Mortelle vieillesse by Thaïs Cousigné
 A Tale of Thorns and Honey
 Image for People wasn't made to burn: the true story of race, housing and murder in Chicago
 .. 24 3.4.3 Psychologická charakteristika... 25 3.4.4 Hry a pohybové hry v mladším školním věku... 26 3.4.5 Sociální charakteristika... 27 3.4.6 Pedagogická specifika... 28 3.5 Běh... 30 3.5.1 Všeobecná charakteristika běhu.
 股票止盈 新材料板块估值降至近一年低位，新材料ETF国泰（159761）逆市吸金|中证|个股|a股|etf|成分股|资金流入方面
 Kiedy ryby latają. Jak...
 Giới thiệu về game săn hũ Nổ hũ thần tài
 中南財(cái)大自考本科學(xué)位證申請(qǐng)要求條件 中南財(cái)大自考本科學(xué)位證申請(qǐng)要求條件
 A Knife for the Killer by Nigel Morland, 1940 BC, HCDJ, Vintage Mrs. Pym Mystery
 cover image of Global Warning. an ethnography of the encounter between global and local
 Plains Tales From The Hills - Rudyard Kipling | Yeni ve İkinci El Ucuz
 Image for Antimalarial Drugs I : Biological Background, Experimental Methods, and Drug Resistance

#####

#### What the exercise asks
Retype the records above in full, matching each line exactly.

#### Task output
Mortelle vieillesse by Thaïs Cousigné
 A Tale of Thorns and Honey
 Image for People wasn't made to burn: the true story of race, housing and murder in Chicago
 .. 24 3.4.3 Psychologická charakteristika... 25 3.4.4 Hry a pohybové hry v mladším školním věku... 26 3.4.5 Sociální charakteristika... 27 3.4.6 Pedagogická specifika... 28 3.5 Běh... 30 3.5.1 Všeobecná charakteristika běhu.
 股票止盈 新材料板块估值降至近一年低位，新材料ETF国泰（159761）逆市吸金|中证|个股|a股|etf|成分股|资金流入方面
 Kiedy ryby latają. Jak...
 Giới thiệu về game săn hũ Nổ hũ thần tài
 中南財(cái)大自考本科學(xué)位證申請(qǐng)要求條件 中南財(cái)大自考本科學(xué)位證申請(qǐng)要求條件
 A Knife for the Killer by Nigel Morland, 1940 BC, HCDJ, Vintage Mrs. Pym Mystery
 cover image of Global Warning. an ethnography of the encounter between global and local
 Plains Tales From The Hills - Rudyard Kipling | Yeni ve İkinci El Ucuz
 Image for Antimalarial Drugs I : Biological Background, Experimental Methods, and Drug Resistance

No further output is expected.